Je peux comprendre les raisons du ton belliciste de la baisse des taux de la Banque d'Angleterre jeudi, mais les inquiétudes persistantes de l'inflation britannique pourraient bientôt être emportées par de plus grandes forces mondiales. « La banque sera obligée de couper plus rapidement en 2026 », a déclaré Mathieu Savary, de BCA Research, qui pense que la déflation est le danger plus important traquant l'Europe.
Le rebond de la zone euro a calé. La poussée de croissance plus tôt cette année a été une illusion de «running tarif».
La production industrielle allemande a chuté de 1,9% en juin.

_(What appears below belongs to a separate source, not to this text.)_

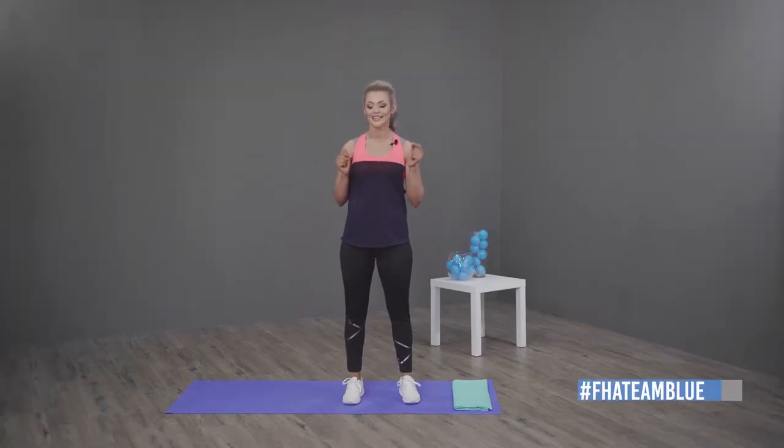Hey guys, welcome to FHA Five Color Fitness. I'm your host Laura Dee, and I'm going to be doing Toning Tuesdays with you. What you can expect is an overall holistic approach to fitness and mindfulness. I'm going to be toning all your body parts throughout the program. If you'd like daily updates, please follow FHA underscore fitness health active or tag FHA team blue.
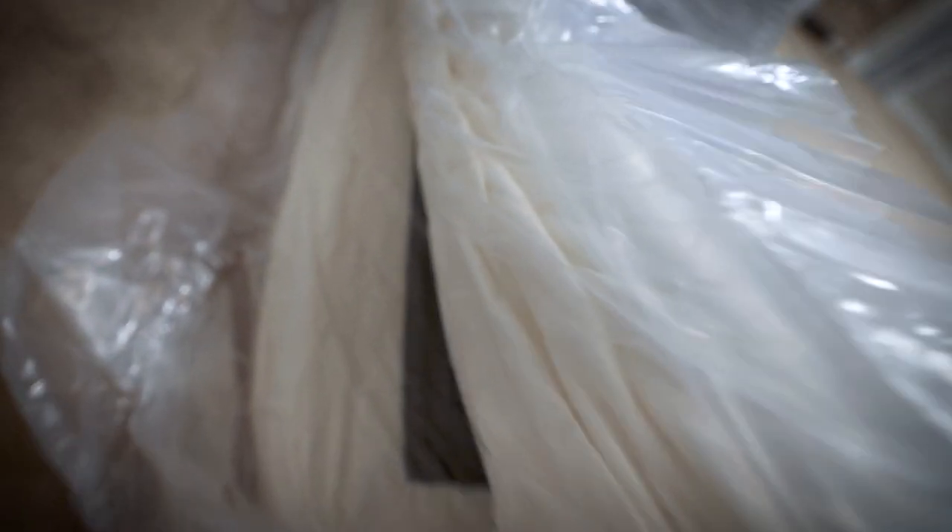Listen to this foam mattress just blowing up out of the box — listen to that sound.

Il est en baisse de 4% par rapport à il y a un an et 10% en dessous de son niveau pré-pandemique. « C'est une douche froide pour notre vision de longue date d'un rebond cyclique dans l'industrie allemande », a déclaré Carsten Brzeski, d'Ing.
Brzeski a déclaré que les entreprises familiales allemands de l'Allemagne ne pouvaient pas assouplir l'impact des tarifs en déménageant la production aux États-Unis.

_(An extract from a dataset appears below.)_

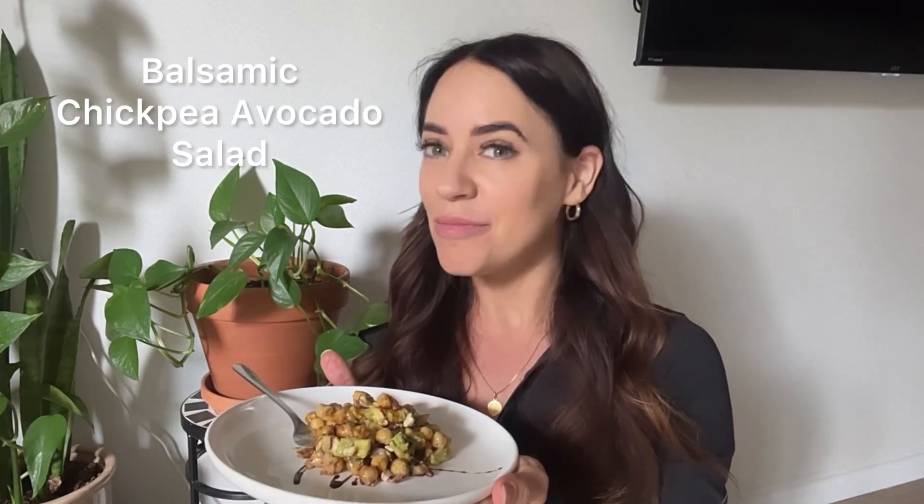Hey guys, I'm Esther from Essie Cooks, and in this video I'm going to show you how to make this amazing delicious chickpea avocado salad with balsamic. It is the perfect side dish, it's the perfect lunch — something you're going to want to bring to your next event. I'm super excited to show you guys how to make this chickpea avocado salad.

Ces entreprises ont toujours formé l'épine dorsale du Wirtschaftswunder (ou du miracle économique). Ils sont martelés sur un deuxième front par la Chine, qui a remonté l'échelle technologique et est désormais en concurrence des orteils sur les troisième marchés, avec l'aide d'un taux de change supprimé.
Le réarmement keynésien et un blitz de dépenses d'infrastructure finiront par sortir l'Allemagne du marasme.

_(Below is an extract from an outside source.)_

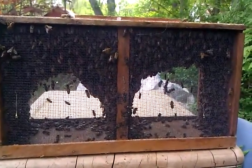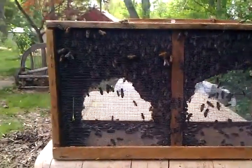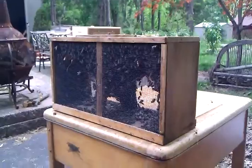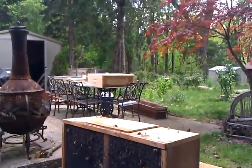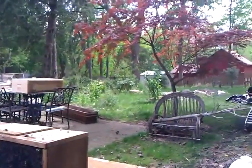So here's the honeybees. We just got our packages and we're getting ready to install them. There's one, there's two. And there's the hives — there's one there, one there. I'm going to set them up in the back.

Le gouvernement de Merz passe d'un excédent budgétaire primaire de 2% du PIB à un déficit primaire de 2% d'ici 2028. C'est un grand changement laïque de la politique macroéconomique, mais elle reste loin et, en attendant, la France et l'Italie sont confrontées à un licenciement budgétaire.
La zone euro a connu une longue série de fausses aubes au cours des dernières années. Cela risque de se reproduire si la Banque centrale européenne continue de s'asseoir sur ses mains alors que le taux d'intérêt «naturel» Wicksellien chute.
Les tarifs de Trump sur l'Europe seront désormais atteints de 15%. Le choc commercial s'élève à 25% cette année lorsque vous ajoutez une appréciation de l'euro contre le dollar, ou un choc de facto de 60% sur les produits métalliques.
Trump n'a pas encore abandonné sa bombe pharmaceutique complète. Il parle de tarifs à 100% sur les semi-conducteurs. Le récit du marché selon lequel le pire est terminé et que la stabilité viendra sûrement un objet des collectionneurs pour les historiens et les étudiants de la psyché capitaliste. Rien n'est jamais stable avec Trump.
Il vient d'infliger le plus grand choc commercial en temps de paix depuis les origines de l'économie moderne au 17ème siècle.
Il a tué Pax Americana Stone Dead, détruit la crédibilité de l'OTAN, bombardé par le tapis à l'ouest et brisé l'ordre basé sur les règles pour les éclairer à tous les niveaux. Pourtant, les marchés des actifs restent à prix insouciant pour la perfection.
Qu'est-ce qui peut éventuellement mal tourner?